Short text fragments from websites
Start of Block
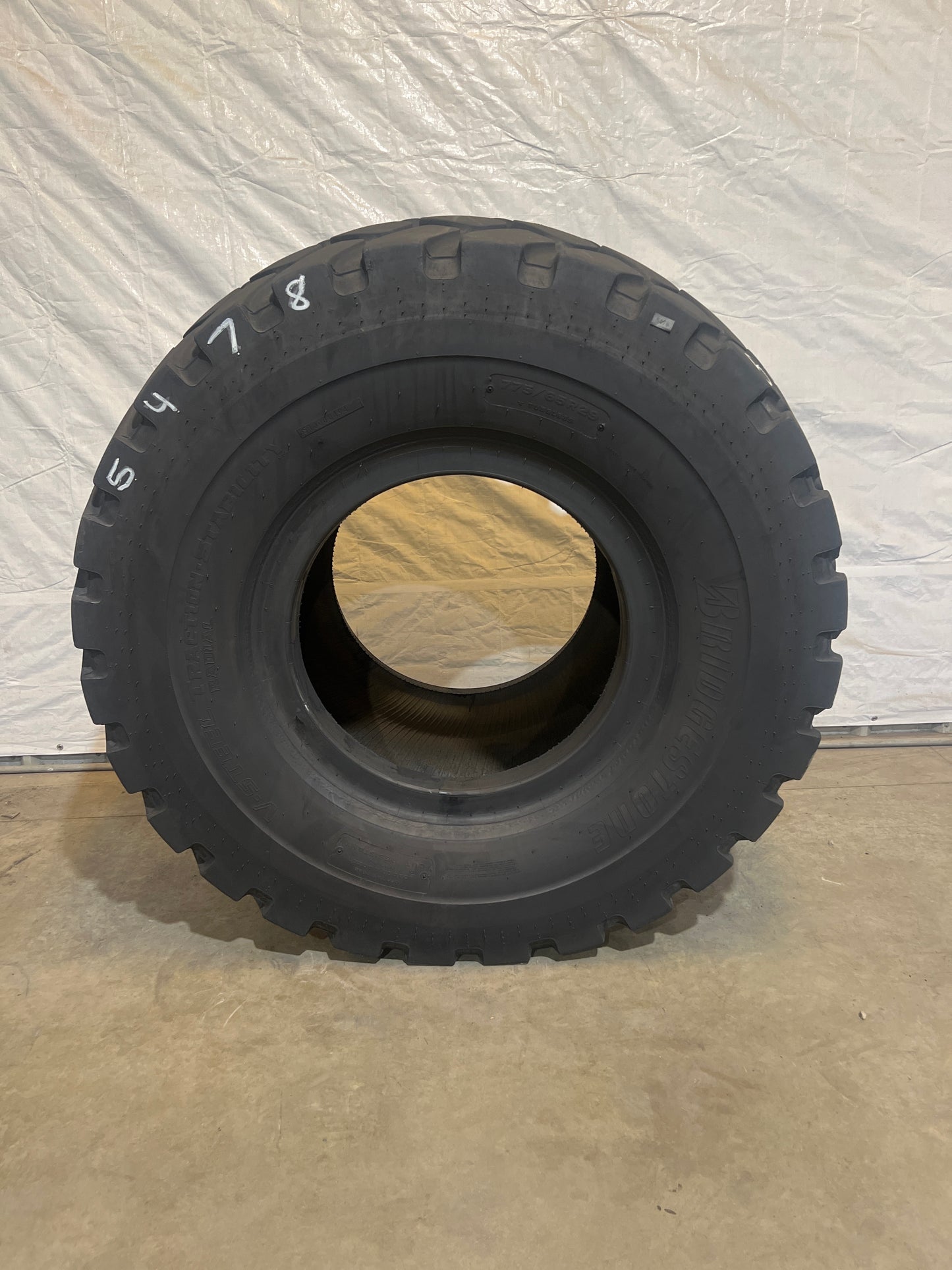 775/65R29 BRIDGESTONE V-STEEL TRACTION #5478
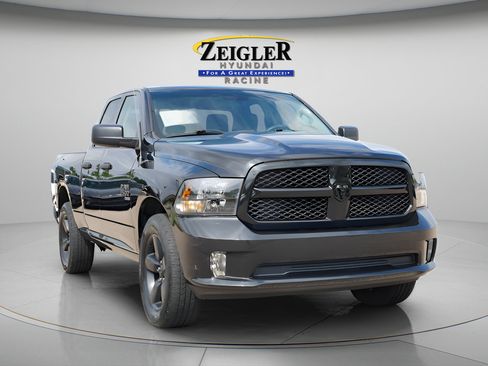 Used 2019 RAM 1500 Express w/ Express Value Package AWD/4WD image 1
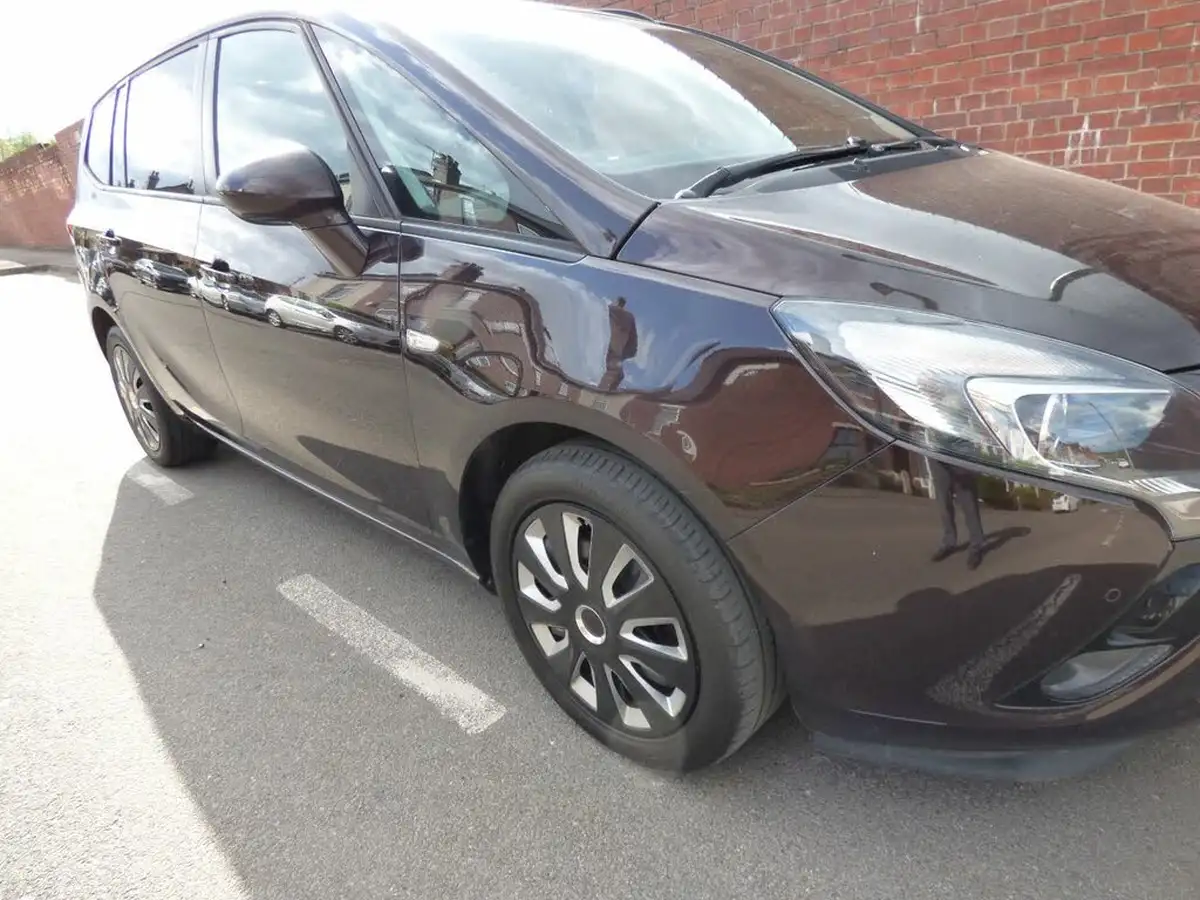 2015-vauxhall-zafira-tourer-14i-16v-turbo-exclusiv-big-1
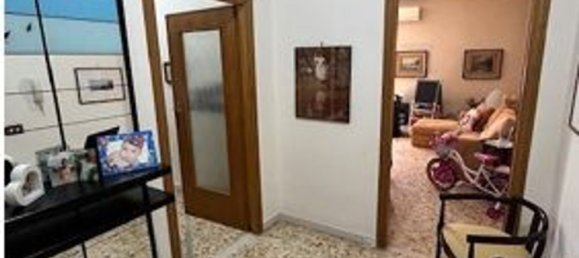 4 Schlafzimmer Wohnung in Naples, Italy, Nr. 347462 5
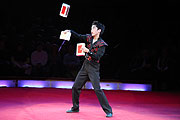 Ty Toyo jongliert mit 12 (©Fotp: Martin Schmitz)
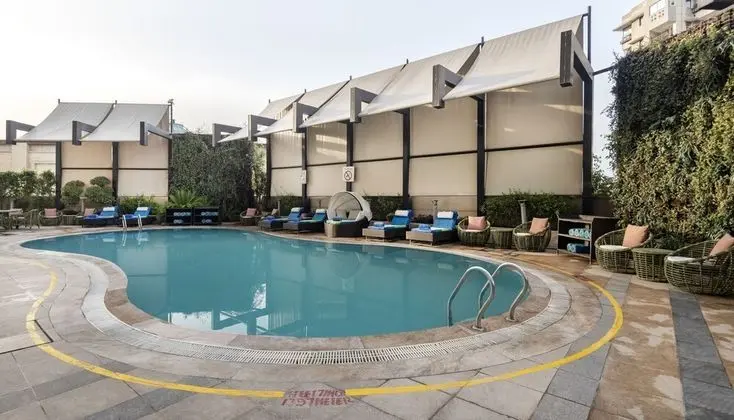 Radisson Gurugram Sohna Road City Center - Havuz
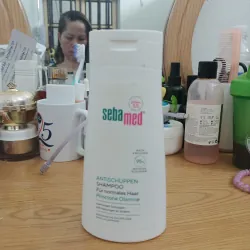 Dầu gội trị gàu-hàng Đức chính hãng. Dung tích 400ml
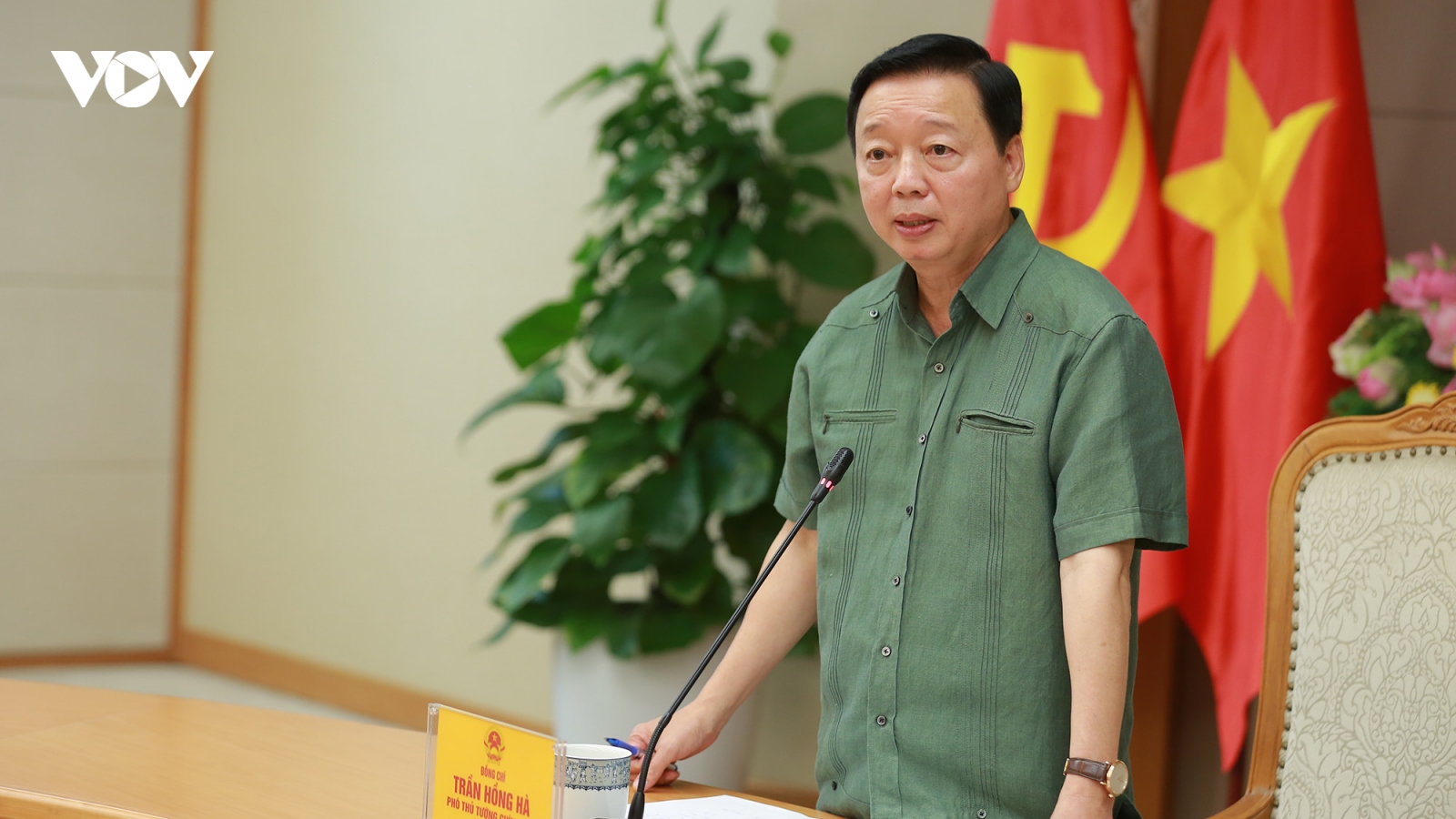 Phó Thủ tướng: Nuôi, trồng dược liệu phải gắn với “giữ dân, giữ rừng”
End of Block
▶ **YOUR ASSIGNMENT**
From the first line above down to the line with "Radisson Gurugram Sohna", reproduce every line and no others, omitting pictures.

▶ **EXERCISE RESULT**
 775/65R29 BRIDGESTONE V-STEEL TRACTION #5478
 Used 2019 RAM 1500 Express w/ Express Value Package AWD/4WD image 1
 2015-vauxhall-zafira-tourer-14i-16v-turbo-exclusiv-big-1
 4 Schlafzimmer Wohnung in Naples, Italy, Nr. 347462 5
 Ty Toyo jongliert mit 12 (©Fotp: Martin Schmitz)
 Radisson Gurugram Sohna Road City Center - Havuz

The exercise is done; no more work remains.